これらの複合硬質皮膜を、本発明複合成膜装置を用い、同一チャンバ内において、アーク蒸発源とスパッタリング蒸発源とを同時に作動させて成膜する際には、成膜時に窒化物を形成する場合は、Arと窒素の混合ガス(例えば混合比50:50)雰囲気中で、炭窒化物の場合はArと窒素とメタンの混合ガス(例えば混合比50:45:5)雰囲気中で、例えば全圧力2〜4Paとして成膜する。
この際、層A と層B の厚みは各蒸発源に投入する電力比で決定し、層A +層B の厚みは基板の回転周期で決定する。なお、層A はアーク蒸発源にて、層B はスパッタリング蒸発源にて形成する。
層A としてTiN 、層B としてSiN を選択した場合を例にすると、層A の成分であるTiをアーク蒸発源5 、6 で蒸発させ、層B の成分であるSiをスパッタリング源2 、3 で蒸発させる。そして、スパッタリングガスのAr+反応ガスの窒素中で成膜を行い、上記した図1の装置を用いる場合には、基板1 を回動させて、基板1 が交互にアーク蒸発源とスパッタリング蒸発源の前を通過するようにすることにより、TiN とSiN とを、交互にかつ順次基板上に積層させ、層A としてのTiN 、層B としてのSiN の、積層構造の複合硬質皮膜を容易に形成できる。
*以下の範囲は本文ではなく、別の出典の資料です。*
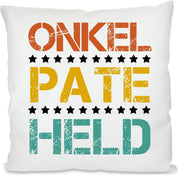 Kissen mit Spruch - Onkel  Pate  Held | Dekokissen mit Füllung | 40x40cm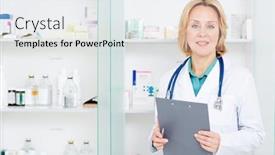  Presentation with clinic observation day - Presentation consisting of mature doctor with clipboard at clinic looking at camera background and a white colored foreground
一層当たりの前記硬質皮膜層A の厚みは2 〜200nm の範囲から選択される。一層当たりの前記硬質皮膜層B の厚みは0.5nm 以上、好ましくは1.0nm 以上で、かつ、一層当たりの前記硬質皮膜層A の厚みの1/2 以下である範囲から選択される。
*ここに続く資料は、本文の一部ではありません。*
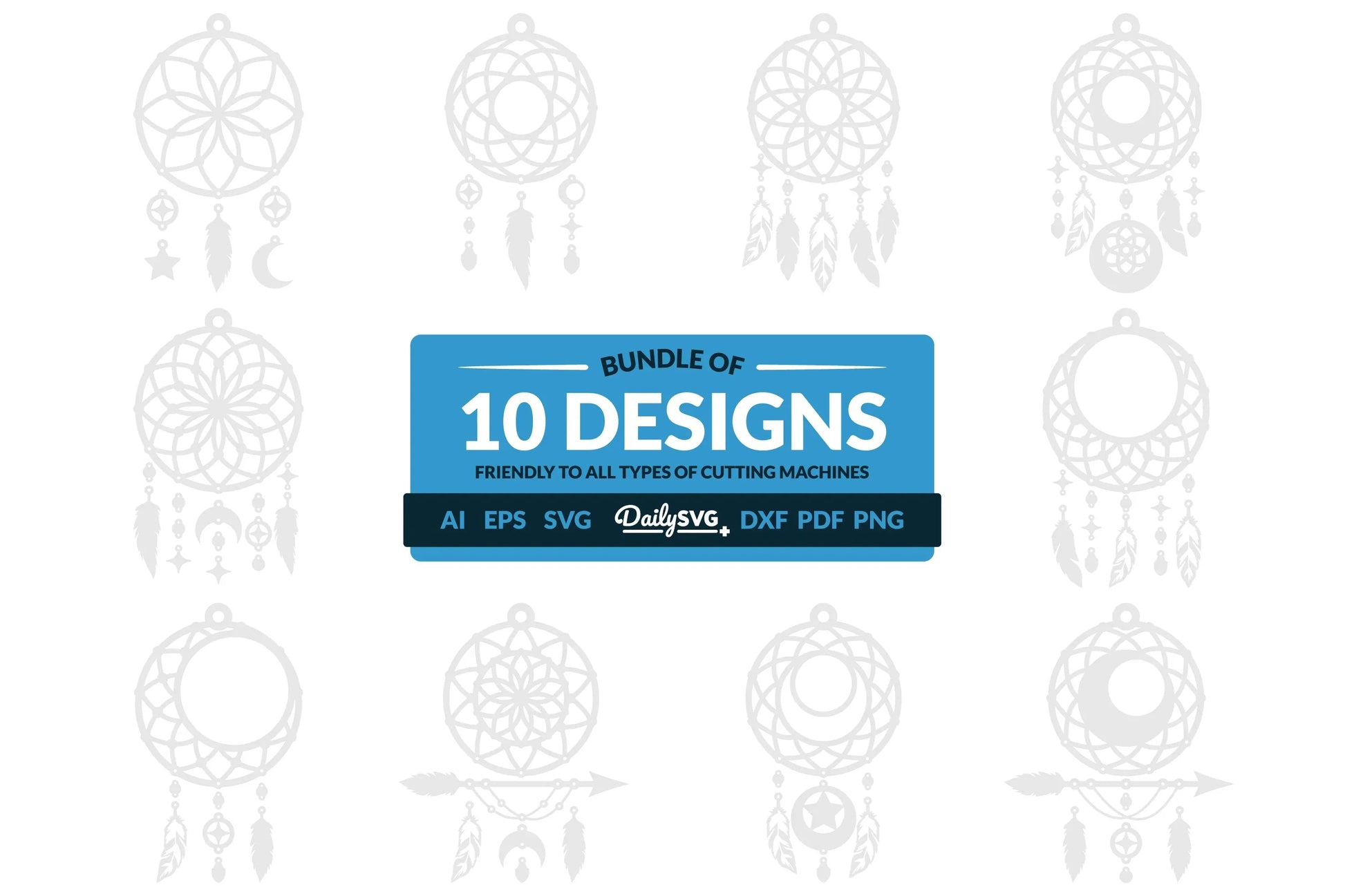 Dream Catcher Laser Cut Set Clipart SVG Bundle - CraftNest - Digital Crafting and Art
積層構造としては、層A/層B/層A/層B なる、硬質皮膜層A と硬質皮膜層B との交互の積層(層A/層B )を一つの単位として、この単位を複数(多数)繰り返しての積層(多層化)が好ましい。ただ、第三の硬質皮膜層C として、立方晶岩塩型構造を有するが、別の成分組成からなる硬質皮膜層 (別の物質) を選択し、この硬質皮膜層C を間に介在させて、例えば、層A/層B/層C あるいは層B/層A/層B/層C などを一つの単位として、これらの単位を各々組み合わせて積層を行っても良い。層A と層B とを一つの単位とする、これら単位の積層数は20〜1000など任意の積層数が選択できる。
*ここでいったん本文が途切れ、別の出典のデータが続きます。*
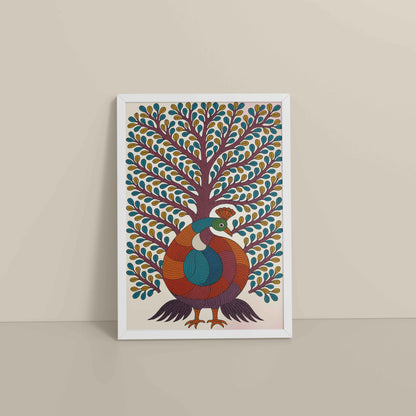 Floor View of Tree of Elegance – Traditional Peacock Gond Art Painting in White Color Frame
本発明成膜装置を、このような積層型の複合硬質皮膜の成膜に適用することで、アーク蒸発とスパッタリング蒸発の各特性を最高に発揮させることができる。特に、アーク蒸発はスパッタリング蒸発に比べて成膜レートが速い。このため、アーク蒸発源により硬質皮膜層A の成分を成膜することで、層B の5倍程度以上の膜厚が必要な層A を高速に成膜出来る。また、スパッタリング蒸発源はアーク蒸発源よりも成膜レートの調整が容易であり、非常に小さい投入電力(例えば0.1 kW )から作動するために、層B などの薄膜の皮膜層の厚みを正確に制御できる特性がある。
また、これらアーク蒸発とスパッタリング蒸発との特性を組み合わせることで、アーク蒸発源とスパッタリング蒸発源の投入電力の比により、層A と層B の厚みの比率を好ましい範囲に設定した後に、基板の回転数 (回動速度、移動速度) を変化させることで、任意に層A +層B の繰り返しの周期を決定できる。また、層A の厚み、即ち結晶粒子径を微細に任意に設定、成膜できる。
以上説明したように、本発明によれば、成膜上の問題が生じることなく、所望の特性の硬質皮膜が得られる、硬質皮膜の成膜方法を提供することができる。したがって、超硬合金、サーメットまたは高速度工具鋼などを基材とする切削工具や自動車向け摺動部材などの耐摩耗性皮膜の特性を向上させた成膜に適用できる。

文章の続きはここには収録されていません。